Children may not feel guilty about their parents split, so much as they feel helpless. They aren't consulted, or even warned that a divorce is coming many times. Strangers in the form of judges and lawyers are suddenly deciding things for them that Mom and Dad used to control. The kids don't necessarily meet these people. Instead, they have to accept how some abstract, faceless adults arbitrarily force them to live their lives. Decisions are handed down to them by people whose existence they haven't even varified with their own eyes a lot of the time.
Rarely are children allowed to express their feelings about the situation. When they are asked, certain answers are expected, and rather than take the chance of being wrong, they are inclined to say what they sense the adult wants to hear. After all, their teachers have trained them to believe there are wrong or right answers, and the last thing a kid wants to do is attract disapproval, especially since punishment often follows. Adults consider kids too young to have a valid opinion of what foods are good for them, let alone where they would be better off. Thus, they have no input in a scarey situation, not because they don't have feelings, but because they have no safe place to express them.
It wouldn't be good to leave custody decisions up to children. Their choices would too often be coerced by circumstances. The parent who gives the most gifts may seem like the one who loves more at the time the decision is made, no matter the parent's true history with the child.
There are also many other ways to wrongly influence a child. Kids assume adults know a lot more than they do. The adult who is recognized as an authority, such as a parent or teacher would certainly have credibility in a child's world. It is too easy for a parent to manipulate what the child says for her statements to be a reliable indicator of her needs.
Parents often take advantage of the child's trust by focusing on what that parent believes is the other parent's shortcomings. The result is that the child joins in blaming the other parent just so he'll feel protected and approved of by someone. The truth or the exaggeration of the reporting parent's observations are not something a child can readily understand. Again, it is a kid's inexperience with the world and its ways that hamper his ability to see through a grown-up person's motives for lying, stretching the truth, or even seeing a given situation in an unfair or unbalanced way.
Children need to have a forum to air their views in a divorce. What they say may not be deep, or even useful, but it may help them adjust to the inevitable changes they are about to experience. They need to know that someone hears their concerns, and will listen to what they have to say. They need to feel safe asking the kind of questions that may make parents feel stupid, or uncomfortable. They are entitled to honest, age appropriate answers, too.
No child should have control over the family's fortunes. Kids just don't have the experience to decide whether it is in Mom and Dad's best interest to stay together, or to understand the many decisions about their welfare that must be made in a divorce. However, even though they can't row the boat, they should have life jackets, and should be taught how to swim so that they are not drowned in their family's disfunctions.

http://d3b639yjpf37-y4524046c-55h.hop.clickbank.net/  You need this information!
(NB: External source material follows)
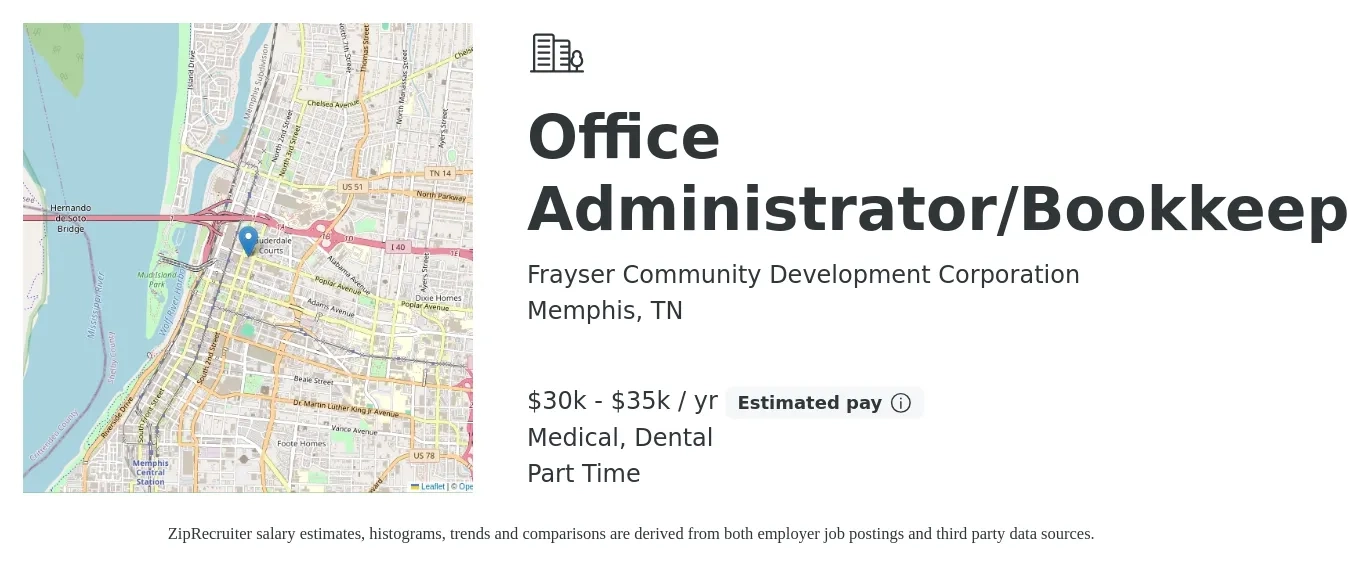 Frayser Community Development Corporation job posting for a Office Administrator/Bookkeeper in Memphis, TN with a salary of $30,000 to $35,000 Yearly and benefits including dental, life_insurance, medical, pto, and retirement with a map of Memphis location.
Maureen Amberg is an author, entrepreneur and children’s advocate for MEA Online Edge Inc., with emphasis on the self esteem and positive inner confidence of children; including teenagers.  Caring for Kids is my current life focus.  I strive to be kind, tranquil, serene, and compassionate.  Hopefully, this translates into peaceful, calm and helpful.


Copyright (c) 2010 Lucille Uttermohlen

Wednesday, February 3, 2010

Viral Ads

http://www.viraladsunleashed.com/infect/18075

How to Motivate and Mobilize a Confident Kid

Maximizing a child's self esteem is one of the more gratifying accomplishments that an adult can achieve in life. Can you imagine the feeling you would have knowing you have influenced a teenager throughout his upbringing to be the best he can be? Whether it be a Rhodes Scholar or graduating with his High School class. Pride of achievement is something you can to be a part of
Motivating a child usually translates to energizing goal-oriented behavior. Students are likely to be motivated by the amount of effort they put in, believe they can be effective in reaching desired goals and are interested in mastering a topic, rather than just rote-learning to achieve good grades.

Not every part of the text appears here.